Repeat the listing word for word. No pictures belong in the copy.
======== Dataset extract ========
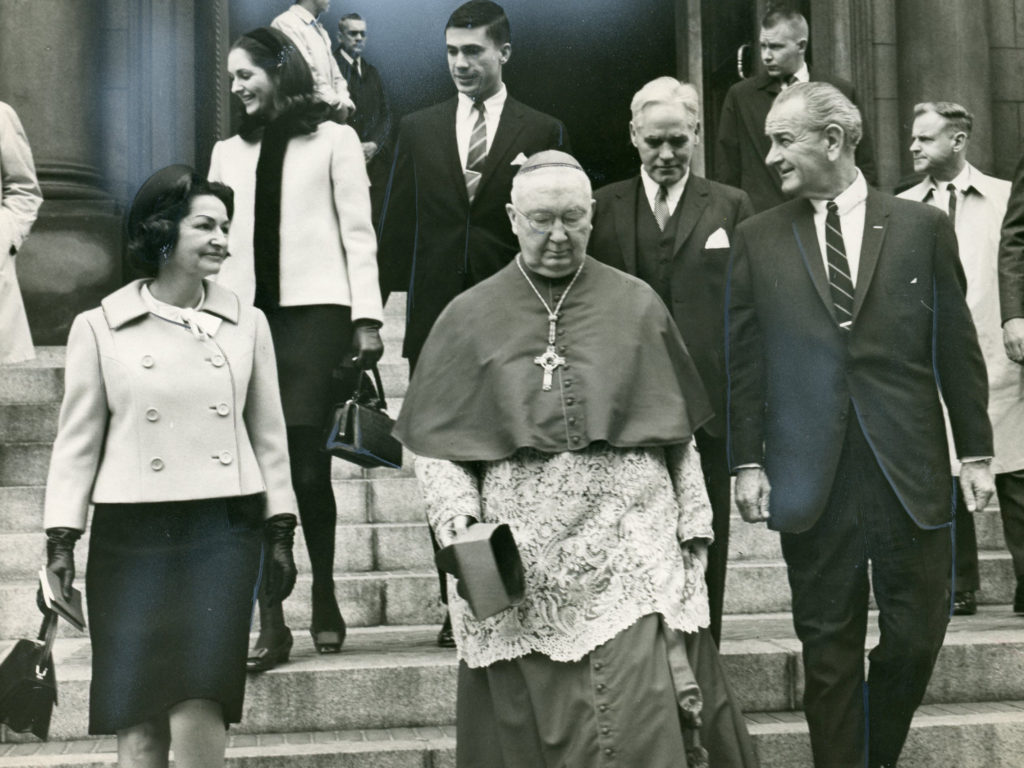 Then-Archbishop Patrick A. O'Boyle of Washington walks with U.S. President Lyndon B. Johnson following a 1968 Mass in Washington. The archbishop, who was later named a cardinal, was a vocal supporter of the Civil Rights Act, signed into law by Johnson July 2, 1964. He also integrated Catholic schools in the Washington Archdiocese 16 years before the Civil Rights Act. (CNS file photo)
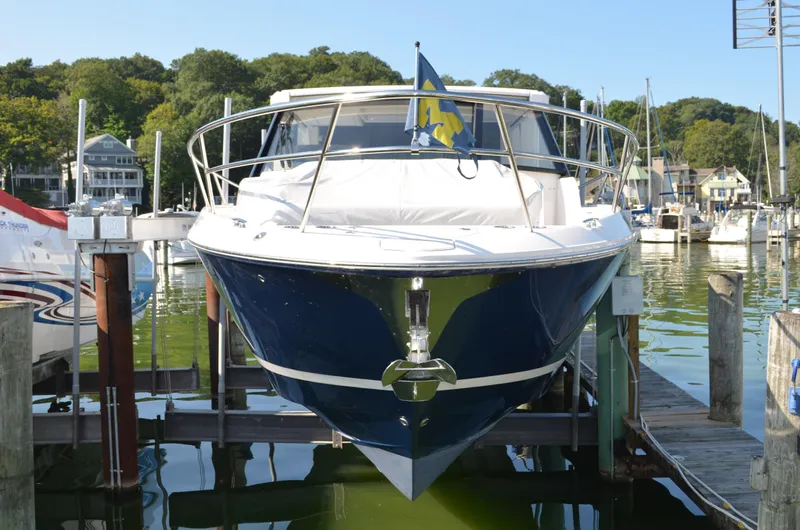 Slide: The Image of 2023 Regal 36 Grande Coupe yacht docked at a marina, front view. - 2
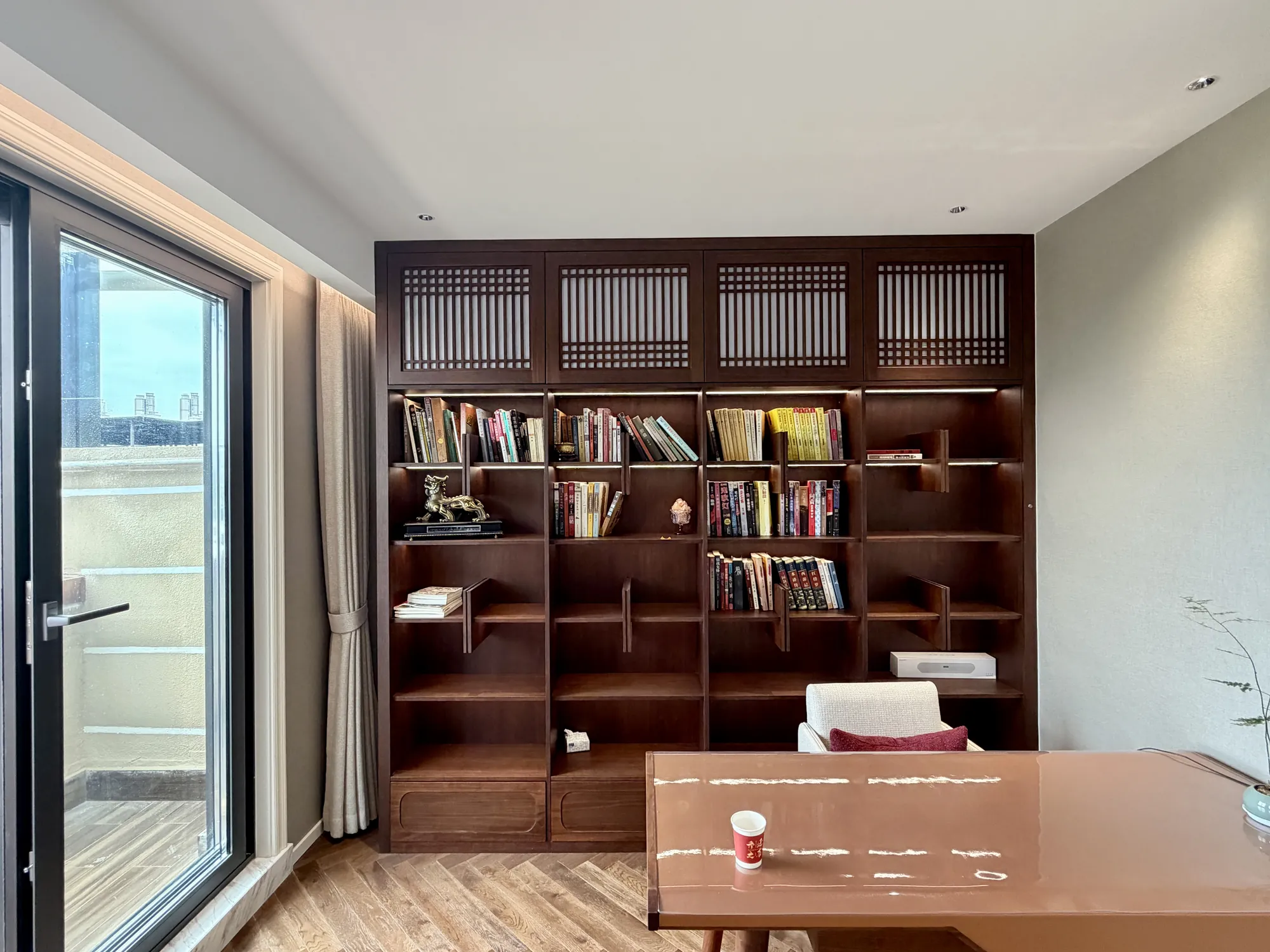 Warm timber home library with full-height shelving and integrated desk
========
Task response
 Then-Archbishop Patrick A. O'Boyle of Washington walks with U.S. President Lyndon B. Johnson following a 1968 Mass in Washington. The archbishop, who was later named a cardinal, was a vocal supporter of the Civil Rights Act, signed into law by Johnson July 2, 1964. He also integrated Catholic schools in the Washington Archdiocese 16 years before the Civil Rights Act. (CNS file photo)
 Slide: The Image of 2023 Regal 36 Grande Coupe yacht docked at a marina, front view. - 2
 Warm timber home library with full-height shelving and integrated desk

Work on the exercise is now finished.